Si nous sommes des femmes juives, nous sommes aussi des femmes occidentales vivant au 20e siècle, partageant, que nous le voulions ou non, le langage, les façons de penser, les préoccupations, les problèmes des femmes de notre temps. A ce titre nous sommes embarquées sur le même bateau, et nous avons la responsabilité d'aider à le maintenir à flot, avec nos ressources propres, nos idées et nos moyens personnels. Justement, en tant que "peuple de prêtres" nous devrions assumer une responsabilité particulière vis à vis des autres peuples. Et notre devoir est précisément de trouver des éléments de solution positifs, constructifs, aux difficultés de nos compagnes, qui sont aussi les nôtres.

C. Que faire et, comment ?

Niki de Saint-Phalle - Adam et Eve (autre version)
Quelles peuvent être la position et l'action d'une femme juive sur un problème comme le conflit entre activité à l'extérieur et foyer, par exemple ?

Précisément, essayons d'analyser ce conflit. La coupure, nous l'avons dit, est le fait de l'homme, de même que le jugement de valeur sur les réalités intérieur et extérieur.
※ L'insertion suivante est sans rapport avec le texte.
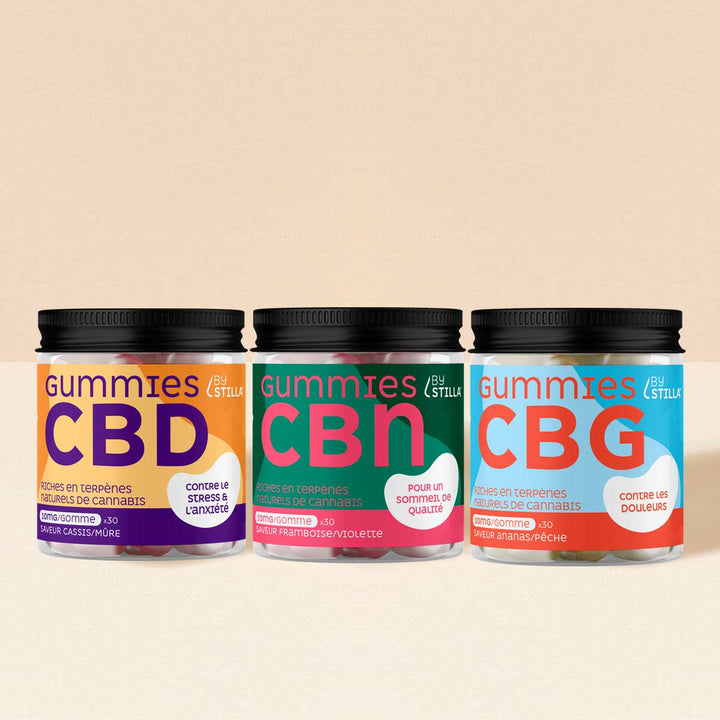 Beigefarbener Hintergrund, CBD-Gummis-Sortiment von ByStilla x2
Donc revendiquer à cor et à cris l'extérieur si attirant, c'est appliquer un schéma de pensée masculin; c'est encore, et plus dangereusement parce que plus subtilement, se soumettre à l'homme, c'est consacrer son choix, c'est reconnaître la validité de son jugement, c'est le poser, lui, comme seul juge qualifié. Ne pourrait-on pas envisager, au contraire, de refuser les stéréotypes masculins, de retrouver une pensée, un jugement autonomes ? De parvenir à réévaluer autrement qu'à l'étalon masculin les réalités intérieur-extérieur ?

On peut d'ailleurs rappeler ici que dans le judaïsme l'important n'est pas ce qui se voit, ce qui brille, ce qui attire l'attention, mais ce qui se cache, ce qui est "intérieur" : dans la Meguilah de Pourim, l'acteur le plus décisif n'est pas nommé une seule fois, et pourtant... c'est D. lui-même ; la tsniouth (pudeur) consiste à cacher son corps non parce qu'il est honteux, mais parce qu'il est précieux...
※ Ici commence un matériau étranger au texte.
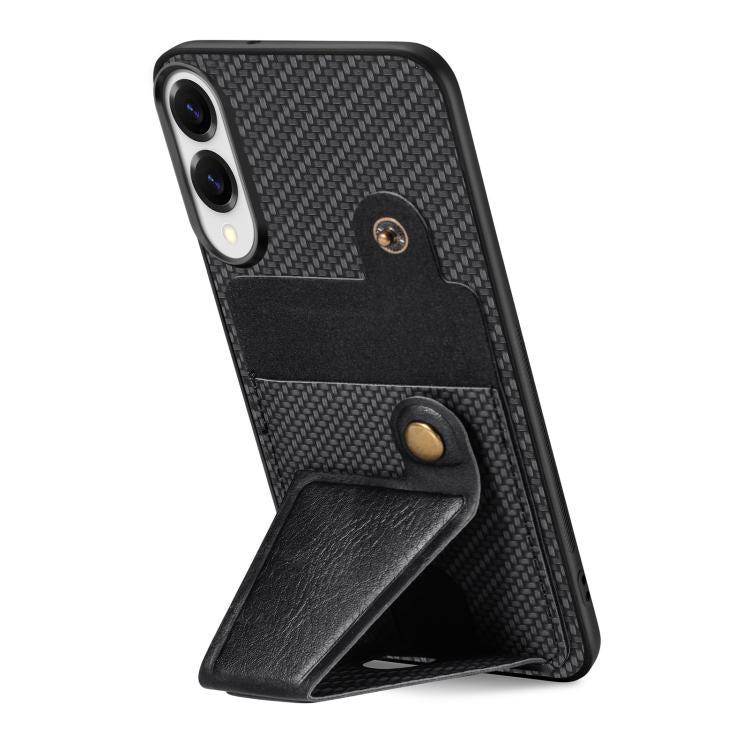 For Samsung Galaxy S25 Edge 5G Carbon Fiber Wallet Flip Card K-shaped Holder Phone Case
Bien sûr, il est plus difficile de changer ses propres modes de pensée que de suivre les courants dominants. Mais c'est la seule attitude qui me semble réellement "féministe", celle qui refuse toute espèce d'inféodation à l'homme, même et surtout dans le domaine de la pensée. De plus, réévaluer les notions d'extérieur et d'intérieur, implique la nécessaire participation masculine : l'homme est lui aussi remis en question par cette démarche, il doit lui aussi se redéfinir puisque ses définitions sont contestées.
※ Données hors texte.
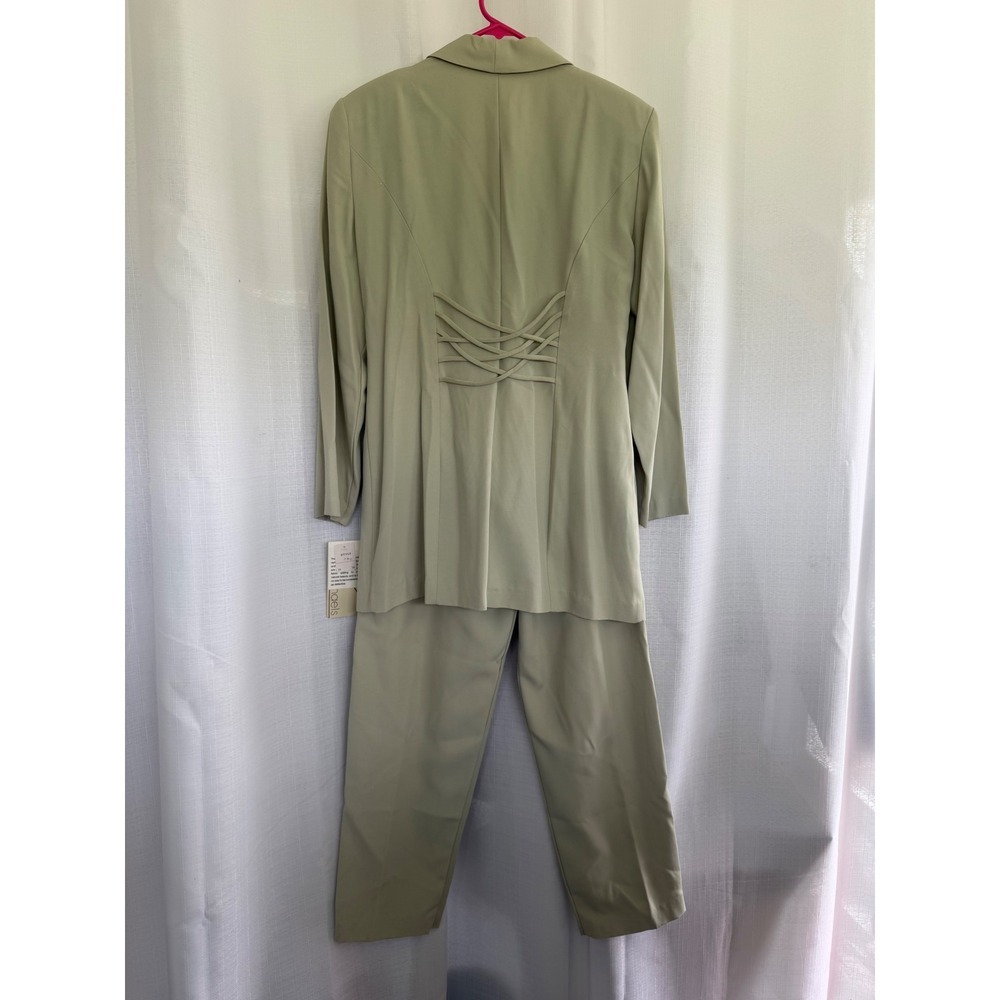 Vintage Dani Michaels Sage Green Pant Suit Set Size 12 90s Blazer Old Money - Picture 3 of 8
Repenser ces deux notions, aboutit en fait à repenser le couple, à tenter de faire de l'homme et de la femme des alliés, Ezer kenegdo : alliés pour l'intérieur - l'homme est autant concerné que la femme par l'éducation des enfants, par la vie du couple, par les échanges les discussions entre les deux partenaires ; et sa présence est indispensable à l'intérieur, on s'en aperçoit aujourd'hui qu'on déplore de tous côtés la démission des pères ;  alliés par l'extérieur - la femme est autant concernée que l'homme par ce qui se passe hors de sa maison, dans son quartier, dans sa ville, dans sa communauté ; elle a son mot, indispensable, à dire pour améliorer le monde dans lequel vont vivre, vivent déjà ses enfants. Travail difficile pour une femme que de retrouver d'abord soi-même, puis de faire retrouver à l'homme la valeur spécifique de l'intérieur et de l'intériorité avec toutes ses difficultés ; que de percevoir aussi, sous la puissance tant de fois, trop de fois proclamée, la vulnérabilité de l'homme, sa faiblesse, son angoisse, qui ont justifié sa fuite et sa quête de compensations à l'extérieur.

La place de la femme juive dans le monde moderne est une place de choix, mais une place difficile. Il lui faut étudier, retrouver les sources juives et en même temps refuser de se laisser paralyser par certaines images d'Épinal, de se laisser enfermer dans une certaine conception étroite, sociologiquement limitée, du prétendu devoir d'une femme juive ; il lui faut ensuite refuser les solutions de facilité : haine de l'homme et vengeance, égoïsme forcené de l'épanouissement à tout prix, consécration des choix et des décisions masculins..., il lui faut enfin, par le recours aux sources juives, forger des réponses originales, courageuses, clairvoyantes et enrichissantes, à des questions difficiles. C'est un travail qui formera en même temps la femme juive et le couple juif.